The family will visit with relatives and friends from 6 to 8 p.m. Wednesday at Ocker Funeral Home, 700 Jefferson St., Van Buren. The family has requested that you wear the #superdave shirt.

Burial will be at Gracelawn Cemetery in Van Buren with police honors under the direction of Ocker Funeral Home in Van Buren.

Hendrickson served as a police officer for three years at the Van Buren Police Department and 12 years at the Fort Smith Police Department.

Words of grief poured out from fellow officers at the Van Buren Police Department and friends.

“I’m crushed that we can’t be funny together anymore but I’m even more crushed for your family,” said Officer George Edelen. “I’m going to miss talking about our kids together and how they are doing. I’m going to miss the calls we went on together.”

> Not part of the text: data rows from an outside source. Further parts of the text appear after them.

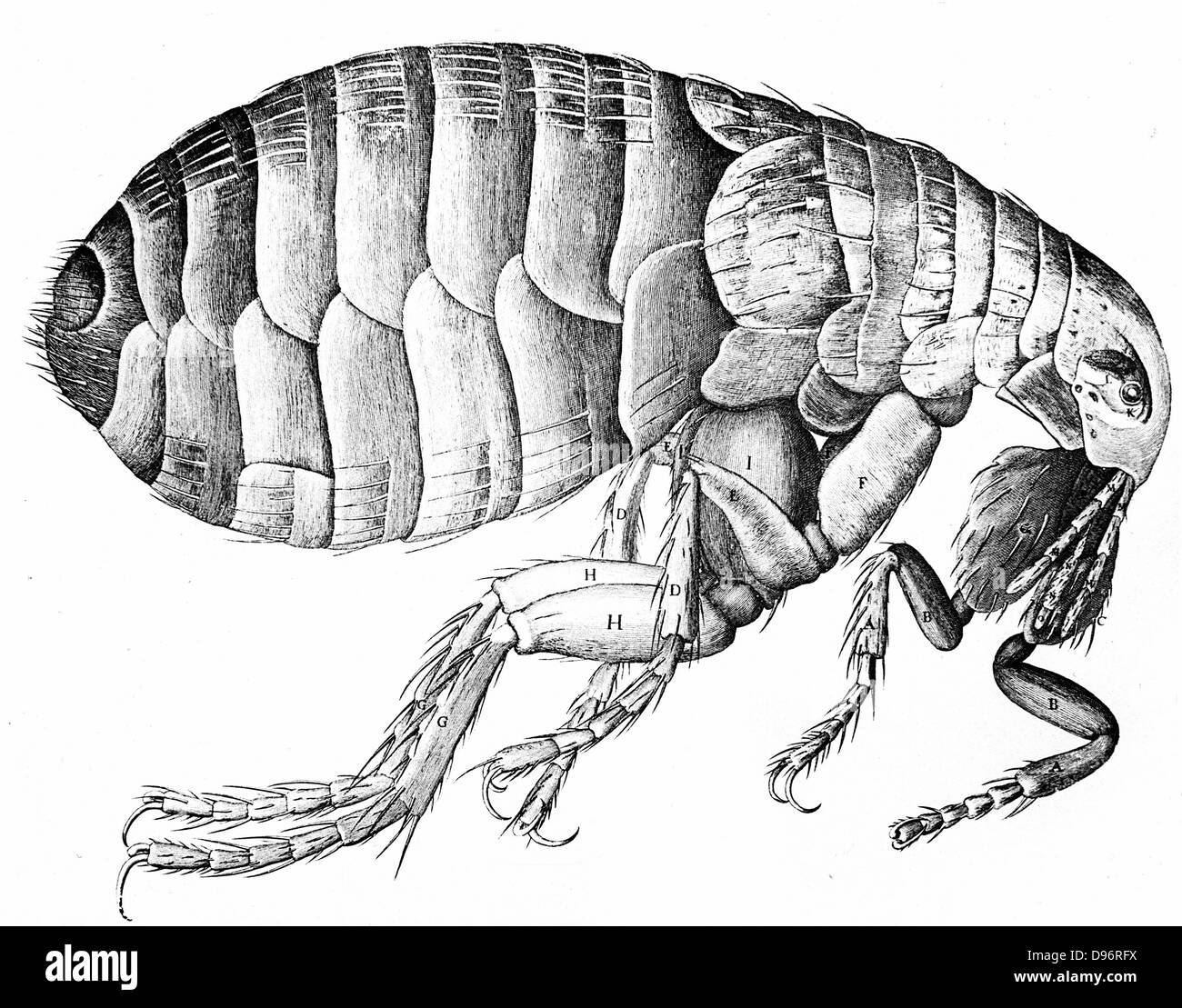 La pulce. Incisione da Robert Hooke 'Micrographia' London 1665. Wingless bloodsucking, insetto parassita. Pulce umana (Pulex irritans) possono trasmettere la peste. Foto Stock
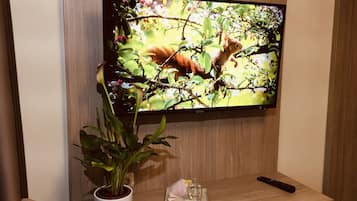 Chambre Simple | Télévision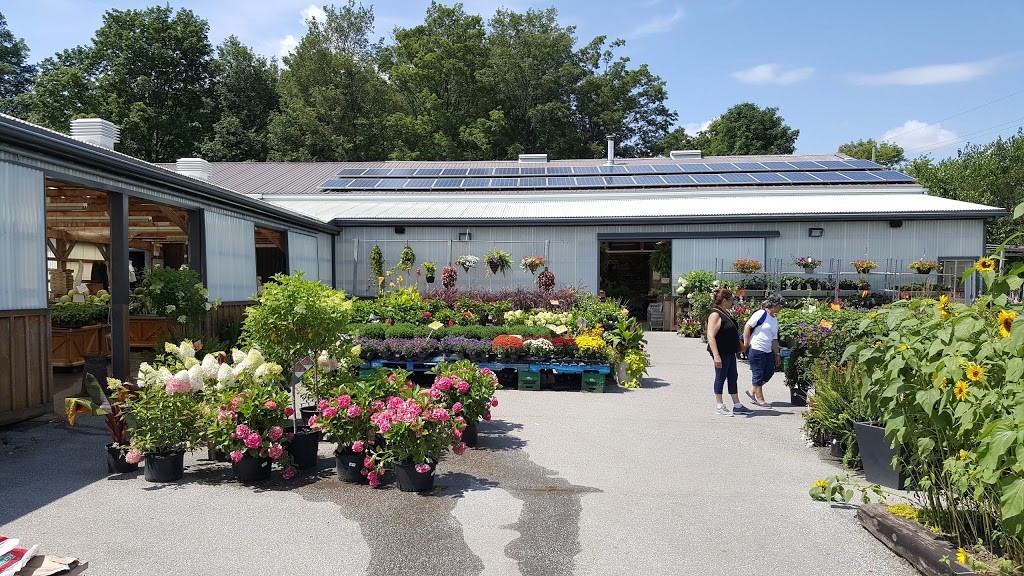 Road Trip Cheltenham, Inglewood & Caledon East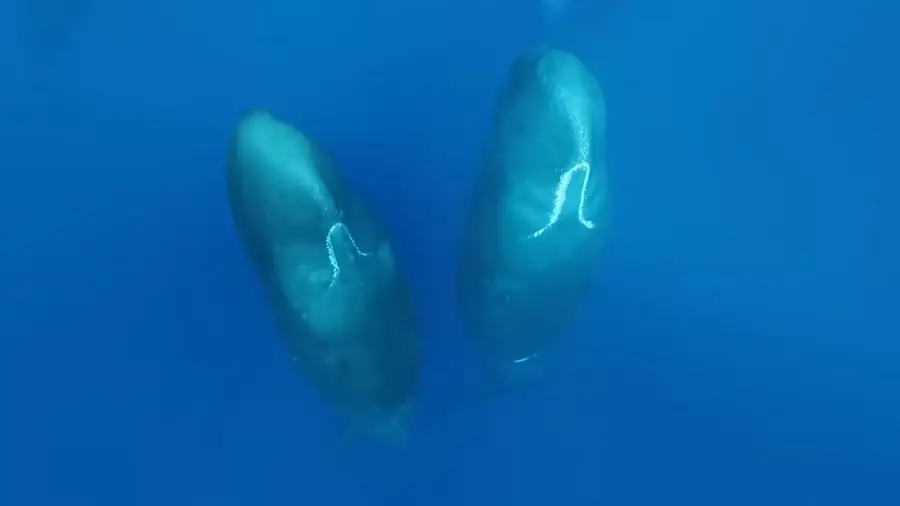Sperm Whale photos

Detective Jonathan Wear and SRO Dewayne Richesin both said Hendrickson will be dearly missed.

“You are without pain now and I know we will meet again brother,” Richesin said.

Officer Wes Milam said the world is less bright without Hendrickson.

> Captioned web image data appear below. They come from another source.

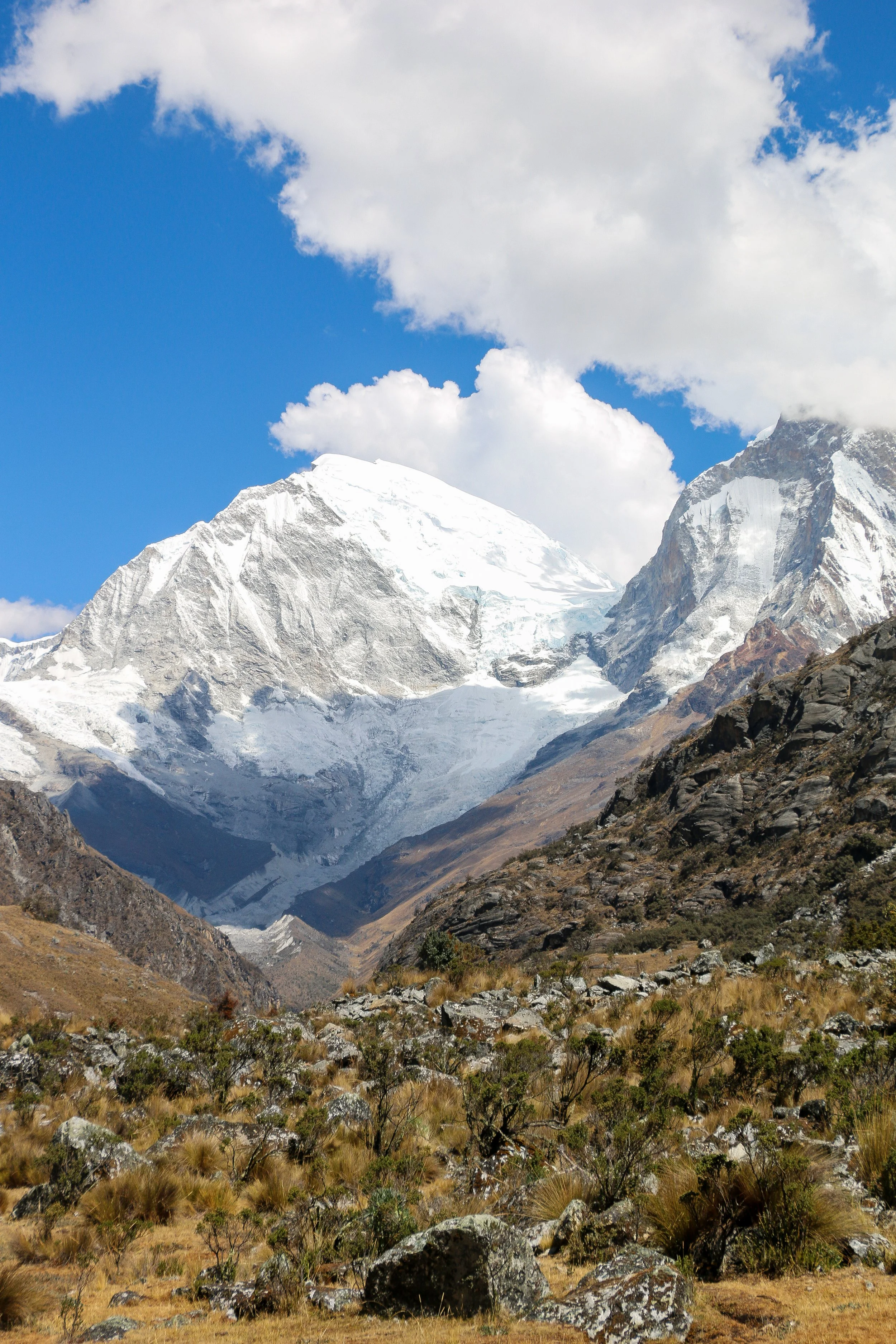 Snow-capped mountains under a partly cloudy blue sky, with rocky and grassy terrain in the foreground.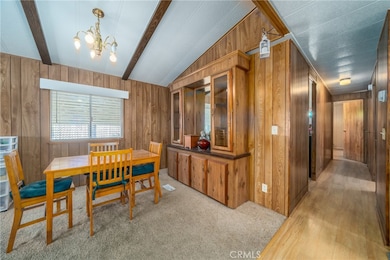 5935 Live Oak Dr unit 25, Kelseyville, CA 95451 - photo 5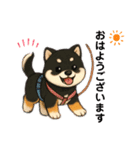 yukieのスタンプまめ柴ちゃん①（個別スタンプ：10）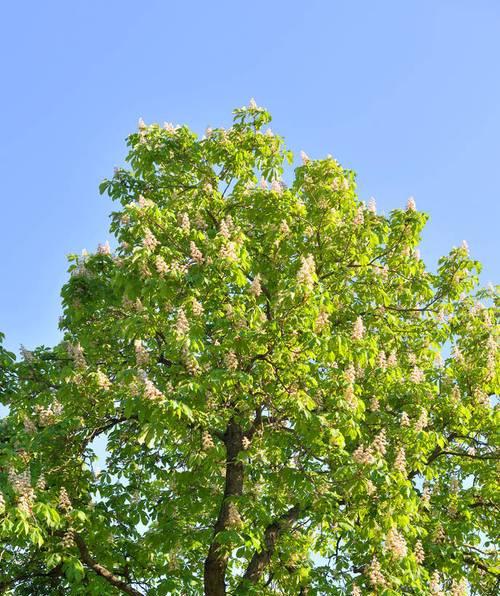 板栗是被子植物吗？它的分类和特点是什么？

“He fought bravely but I’m glad he is no longer in pain,” Milam said. “He had the biggest heart and an even bigger sense of humor. He truly was one of a kind and I am going to miss him. I cannot begin to describe how my heart aches for his family.”

Chris Wilson fondly remembers an event 24 years ago when Hendrickson’s car broke down.

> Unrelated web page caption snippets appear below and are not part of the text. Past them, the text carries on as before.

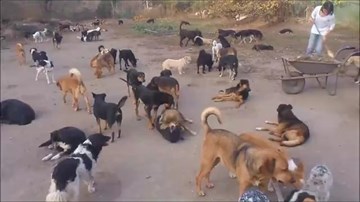 Người đàn ông nuôi 450 chú chó vô chủ ở Serbia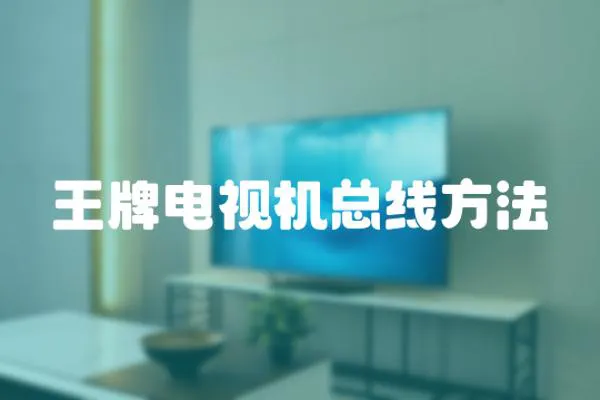 王牌電視機總線方法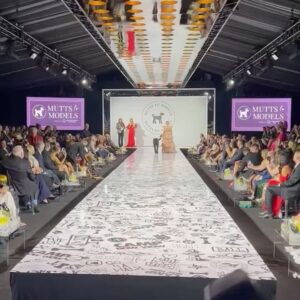 Presley Richardson Instagram - Mutts to Models & @mardipawspresents …We had a great time raising money for people and pets through Scott’s Wish Foundation and The Duco Project @wardoggduco #dogrescue #dogs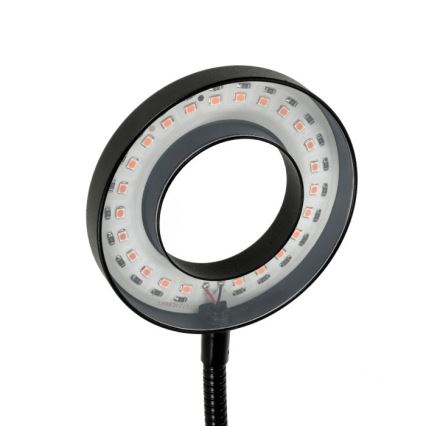 LED Stmievateľná flexibilná stolná lampa s klipom na pestovanie rastlín VITARO 2xLED/4W/230V čierna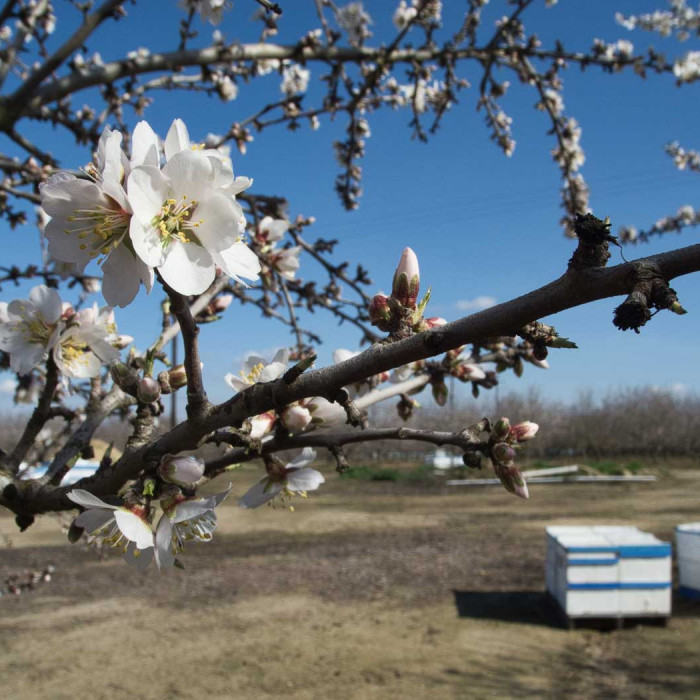 Almond Bees Irrigation Stock Photos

“I yelled ‘should have bought a Ford,’ then turned around, went back and gave him a ride home,” Wilson said. “That’s how our story began. I can honestly say we had a true friendship … no matter the last time we talked we always picked right back up where we left off.”

Sean Brown recalls Hendrickson’s days in television.

“His smile made a young TV reporter in a strange city feel right at home,” Brown said. “Whether we were covering a story or doing the pony dance, he was always smiling and that is how I will remember him. It is tough to wrap my mind around the fact that he is gone.”

Michael Holman remembers Hendrickson as an amazing person with a heart of gold.

“From your funny giggles to your cheesy grins you managed to capture the hearts of everyone you encountered,” Holman wrote on Facebook. “Seeing all the pictures and posts everyone is sharing of you is truly heartbreaking and magical all at once. You did well with this life David Hendrickson and you set the example for so many on what it means to fight til the very end.”

Joey Stormet said Hendrickson was his “brother from another mother, my friend, the Slash to my Axl.”

He said Hendrickson changed his view of police officers.

“He knew about my past and didn’t care,” Stormet wrote. “He was the only guy I know that would have a dance off with me anywhere at the drop of a hat, even though neither of us could dance one bit.”